Below are records that must be duplicated exactly.

[Exercise inputs Boundary: Start]

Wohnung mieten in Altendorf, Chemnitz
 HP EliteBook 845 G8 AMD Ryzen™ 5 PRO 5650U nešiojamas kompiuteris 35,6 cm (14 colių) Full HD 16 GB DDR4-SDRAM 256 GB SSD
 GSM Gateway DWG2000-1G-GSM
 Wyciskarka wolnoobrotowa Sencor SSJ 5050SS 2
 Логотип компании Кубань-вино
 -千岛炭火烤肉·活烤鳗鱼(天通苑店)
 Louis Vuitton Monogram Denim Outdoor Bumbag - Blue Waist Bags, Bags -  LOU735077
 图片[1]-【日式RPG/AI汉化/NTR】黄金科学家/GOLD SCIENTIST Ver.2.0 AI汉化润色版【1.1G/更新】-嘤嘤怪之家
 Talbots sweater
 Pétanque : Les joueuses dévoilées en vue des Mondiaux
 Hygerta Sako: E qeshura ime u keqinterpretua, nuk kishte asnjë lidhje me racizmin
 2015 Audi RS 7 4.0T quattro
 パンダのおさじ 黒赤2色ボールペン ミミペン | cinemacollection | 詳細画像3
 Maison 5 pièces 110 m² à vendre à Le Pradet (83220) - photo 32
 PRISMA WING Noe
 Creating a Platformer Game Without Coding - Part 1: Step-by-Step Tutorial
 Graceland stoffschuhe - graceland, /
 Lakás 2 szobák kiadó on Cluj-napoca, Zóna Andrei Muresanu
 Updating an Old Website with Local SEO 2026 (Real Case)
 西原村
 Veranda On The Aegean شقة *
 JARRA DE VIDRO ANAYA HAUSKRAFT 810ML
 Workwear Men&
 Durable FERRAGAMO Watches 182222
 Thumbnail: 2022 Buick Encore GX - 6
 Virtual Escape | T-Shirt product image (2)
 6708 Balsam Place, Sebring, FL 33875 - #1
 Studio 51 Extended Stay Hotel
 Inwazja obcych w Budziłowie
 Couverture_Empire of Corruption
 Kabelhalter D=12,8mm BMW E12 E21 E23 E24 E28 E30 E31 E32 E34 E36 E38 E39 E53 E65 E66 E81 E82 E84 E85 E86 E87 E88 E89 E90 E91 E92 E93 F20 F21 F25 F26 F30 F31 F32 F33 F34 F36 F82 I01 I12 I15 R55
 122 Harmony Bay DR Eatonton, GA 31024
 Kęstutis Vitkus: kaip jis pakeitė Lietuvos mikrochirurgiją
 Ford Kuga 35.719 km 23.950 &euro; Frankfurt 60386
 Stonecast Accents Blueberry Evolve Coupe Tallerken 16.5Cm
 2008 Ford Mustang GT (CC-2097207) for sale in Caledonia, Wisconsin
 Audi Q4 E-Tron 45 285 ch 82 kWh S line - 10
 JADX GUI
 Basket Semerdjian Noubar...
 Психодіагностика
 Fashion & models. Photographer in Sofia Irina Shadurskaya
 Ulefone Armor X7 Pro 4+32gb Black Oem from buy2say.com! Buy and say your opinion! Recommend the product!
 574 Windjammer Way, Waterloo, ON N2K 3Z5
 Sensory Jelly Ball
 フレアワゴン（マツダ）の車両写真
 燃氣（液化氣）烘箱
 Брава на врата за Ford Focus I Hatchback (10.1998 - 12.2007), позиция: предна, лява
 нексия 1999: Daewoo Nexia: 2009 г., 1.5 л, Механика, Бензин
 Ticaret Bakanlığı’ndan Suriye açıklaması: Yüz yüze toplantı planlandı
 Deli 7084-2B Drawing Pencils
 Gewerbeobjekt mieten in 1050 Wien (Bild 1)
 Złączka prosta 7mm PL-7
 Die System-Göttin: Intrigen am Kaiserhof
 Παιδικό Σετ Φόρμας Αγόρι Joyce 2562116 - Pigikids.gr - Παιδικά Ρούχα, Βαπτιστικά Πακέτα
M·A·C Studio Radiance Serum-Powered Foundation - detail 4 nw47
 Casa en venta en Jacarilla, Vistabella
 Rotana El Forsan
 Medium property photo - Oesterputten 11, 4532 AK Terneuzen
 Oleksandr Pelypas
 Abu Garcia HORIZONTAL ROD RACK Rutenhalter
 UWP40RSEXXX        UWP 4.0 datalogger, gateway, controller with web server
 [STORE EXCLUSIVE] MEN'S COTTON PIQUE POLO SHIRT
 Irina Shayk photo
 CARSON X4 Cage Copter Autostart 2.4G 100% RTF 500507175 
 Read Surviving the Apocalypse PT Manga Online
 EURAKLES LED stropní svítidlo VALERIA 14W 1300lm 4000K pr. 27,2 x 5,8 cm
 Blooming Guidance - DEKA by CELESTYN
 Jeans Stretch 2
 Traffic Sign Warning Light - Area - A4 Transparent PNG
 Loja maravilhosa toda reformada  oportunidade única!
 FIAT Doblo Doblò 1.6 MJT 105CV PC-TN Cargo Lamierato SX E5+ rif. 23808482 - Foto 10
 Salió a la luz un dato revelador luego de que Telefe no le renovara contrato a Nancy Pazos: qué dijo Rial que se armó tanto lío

[Exercise inputs Boundary: End]

**Answer box:**
Wohnung mieten in Altendorf, Chemnitz
 HP EliteBook 845 G8 AMD Ryzen™ 5 PRO 5650U nešiojamas kompiuteris 35,6 cm (14 colių) Full HD 16 GB DDR4-SDRAM 256 GB SSD
 GSM Gateway DWG2000-1G-GSM
 Wyciskarka wolnoobrotowa Sencor SSJ 5050SS 2
 Логотип компании Кубань-вино
 -千岛炭火烤肉·活烤鳗鱼(天通苑店)
 Louis Vuitton Monogram Denim Outdoor Bumbag - Blue Waist Bags, Bags -  LOU735077
 图片[1]-【日式RPG/AI汉化/NTR】黄金科学家/GOLD SCIENTIST Ver.2.0 AI汉化润色版【1.1G/更新】-嘤嘤怪之家
 Talbots sweater
 Pétanque : Les joueuses dévoilées en vue des Mondiaux
 Hygerta Sako: E qeshura ime u keqinterpretua, nuk kishte asnjë lidhje me racizmin
 2015 Audi RS 7 4.0T quattro
 パンダのおさじ 黒赤2色ボールペン ミミペン | cinemacollection | 詳細画像3
 Maison 5 pièces 110 m² à vendre à Le Pradet (83220) - photo 32
 PRISMA WING Noe
 Creating a Platformer Game Without Coding - Part 1: Step-by-Step Tutorial
 Graceland stoffschuhe - graceland, /
 Lakás 2 szobák kiadó on Cluj-napoca, Zóna Andrei Muresanu
 Updating an Old Website with Local SEO 2026 (Real Case)
 西原村
 Veranda On The Aegean شقة *
 JARRA DE VIDRO ANAYA HAUSKRAFT 810ML
 Workwear Men&
 Durable FERRAGAMO Watches 182222
 Thumbnail: 2022 Buick Encore GX - 6
 Virtual Escape | T-Shirt product image (2)
 6708 Balsam Place, Sebring, FL 33875 - #1
 Studio 51 Extended Stay Hotel
 Inwazja obcych w Budziłowie
 Couverture_Empire of Corruption
 Kabelhalter D=12,8mm BMW E12 E21 E23 E24 E28 E30 E31 E32 E34 E36 E38 E39 E53 E65 E66 E81 E82 E84 E85 E86 E87 E88 E89 E90 E91 E92 E93 F20 F21 F25 F26 F30 F31 F32 F33 F34 F36 F82 I01 I12 I15 R55
 122 Harmony Bay DR Eatonton, GA 31024
 Kęstutis Vitkus: kaip jis pakeitė Lietuvos mikrochirurgiją
 Ford Kuga 35.719 km 23.950 &euro; Frankfurt 60386
 Stonecast Accents Blueberry Evolve Coupe Tallerken 16.5Cm
 2008 Ford Mustang GT (CC-2097207) for sale in Caledonia, Wisconsin
 Audi Q4 E-Tron 45 285 ch 82 kWh S line - 10
 JADX GUI
 Basket Semerdjian Noubar...
 Психодіагностика
 Fashion & models. Photographer in Sofia Irina Shadurskaya
 Ulefone Armor X7 Pro 4+32gb Black Oem from buy2say.com! Buy and say your opinion! Recommend the product!
 574 Windjammer Way, Waterloo, ON N2K 3Z5
 Sensory Jelly Ball
 フレアワゴン（マツダ）の車両写真
 燃氣（液化氣）烘箱
 Брава на врата за Ford Focus I Hatchback (10.1998 - 12.2007), позиция: предна, лява
 нексия 1999: Daewoo Nexia: 2009 г., 1.5 л, Механика, Бензин
 Ticaret Bakanlığı’ndan Suriye açıklaması: Yüz yüze toplantı planlandı
 Deli 7084-2B Drawing Pencils
 Gewerbeobjekt mieten in 1050 Wien (Bild 1)
 Złączka prosta 7mm PL-7
 Die System-Göttin: Intrigen am Kaiserhof
 Παιδικό Σετ Φόρμας Αγόρι Joyce 2562116 - Pigikids.gr - Παιδικά Ρούχα, Βαπτιστικά Πακέτα
M·A·C Studio Radiance Serum-Powered Foundation - detail 4 nw47
 Casa en venta en Jacarilla, Vistabella
 Rotana El Forsan
 Medium property photo - Oesterputten 11, 4532 AK Terneuzen
 Oleksandr Pelypas
 Abu Garcia HORIZONTAL ROD RACK Rutenhalter
 UWP40RSEXXX        UWP 4.0 datalogger, gateway, controller with web server
 [STORE EXCLUSIVE] MEN'S COTTON PIQUE POLO SHIRT
 Irina Shayk photo
 CARSON X4 Cage Copter Autostart 2.4G 100% RTF 500507175 
 Read Surviving the Apocalypse PT Manga Online
 EURAKLES LED stropní svítidlo VALERIA 14W 1300lm 4000K pr. 27,2 x 5,8 cm
 Blooming Guidance - DEKA by CELESTYN
 Jeans Stretch 2
 Traffic Sign Warning Light - Area - A4 Transparent PNG
 Loja maravilhosa toda reformada  oportunidade única!
 FIAT Doblo Doblò 1.6 MJT 105CV PC-TN Cargo Lamierato SX E5+ rif. 23808482 - Foto 10
 Salió a la luz un dato revelador luego de que Telefe no le renovara contrato a Nancy Pazos: qué dijo Rial que se armó tanto lío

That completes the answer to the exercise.